Just before serving, remove from the fridge to allow the chocolate to soften a lttle.
Decorate the plate with Raspberry Coulis and Cream swirls, add Raspberry Ice cream and serve to your guests.
The Ice Cream looks fabulous if served in a Brandy Snap basket.
Brandy Snap Baskets
2oz Butter 2 Tbsp Golden Syrup 2 oz Caster Sugar 2 oz Plain Flour ½ Tsp Ground Ginger Finely Grated rind ½ Lemon 1 Tbsp Brandy
1) Turn oven on to 350F (180C, Gas4) 2) Melt together the Butter, Golden Syrup and Caster Sugar: do not overheat as the butter will split. Not good! 3) Beat the powdered Ginger and Flour into the sugar mix 4) Add the finely grated Lemon rind and Brandy
Allow to cool.
To Cook:
You will need small moulds to make the cases: preferably a small individual tartlet mould, approximately 8cm across. An upturned ramekin or small sugar bowl will do the trick.

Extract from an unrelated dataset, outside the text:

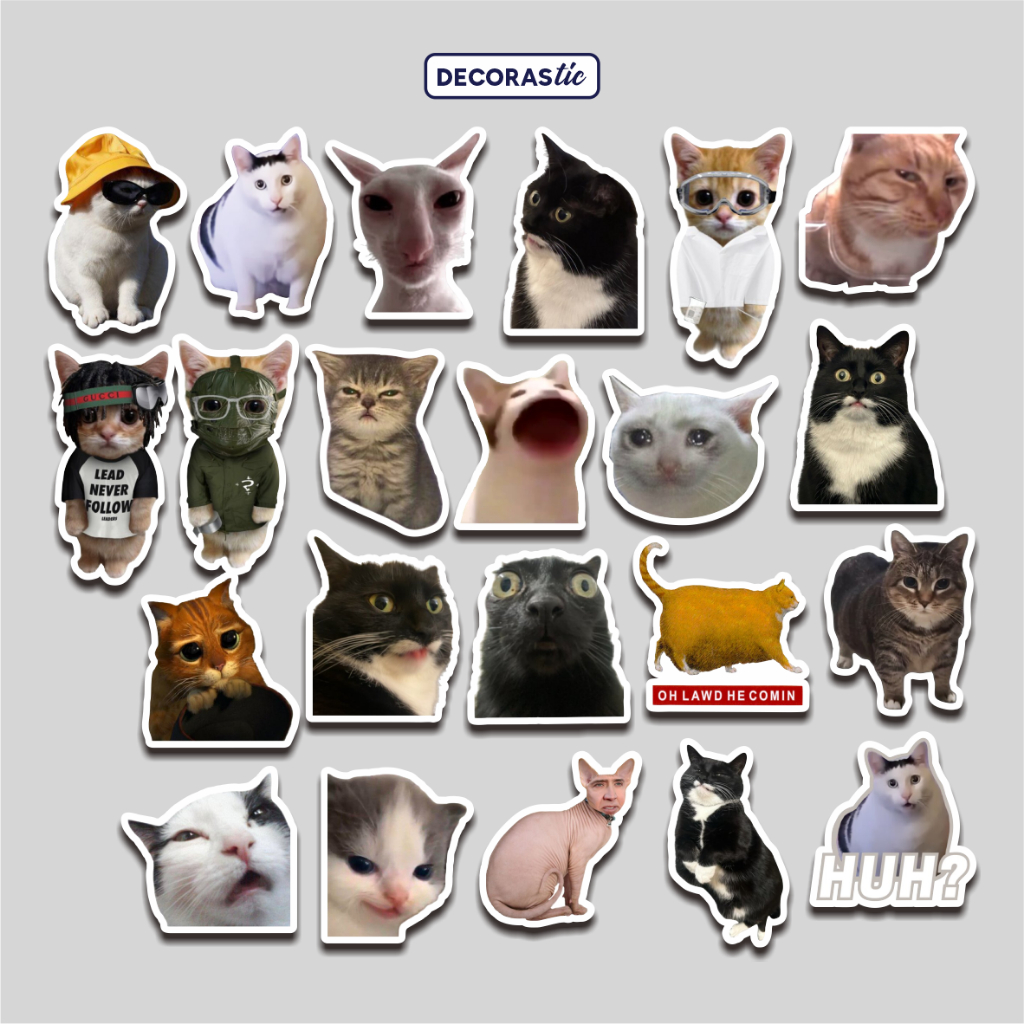 Jual Sticker Pack Meme Kucing Stiker Lucu Kitten Aesthetic Buku ...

Put a teaspoon of the cold mix, per person, in a blob onto a flat, very lightly oiled, baking tray. Place into the oven for 7-10 minutes.

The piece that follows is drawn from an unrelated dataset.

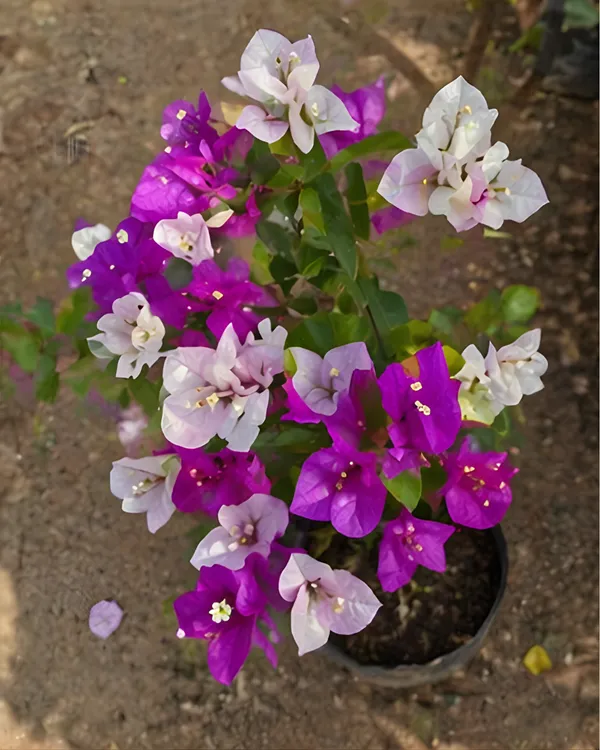 Purple_Mix_Bougainvillea_Plant_|_Grafted_Multi_Tone_Bloom_Variety_|_Purple_Mixed_Shade_Flowers_|_Heavy_Flowering_|_Healthy_Live_Plant_Guaranteed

The mixture will melt and spread out in the heat of the oven – no need to spread it around. It will then bake to a dark golden colour.
When it reaches this colour, remove from the oven and leave to cool for a minute.
Gently lift the edge of the biscuit - it will still be very soft and pliable and quite fragile, so handle with care: lift away from the baking tray and “drape” over your mould. Press gently down around the mould and leave to set.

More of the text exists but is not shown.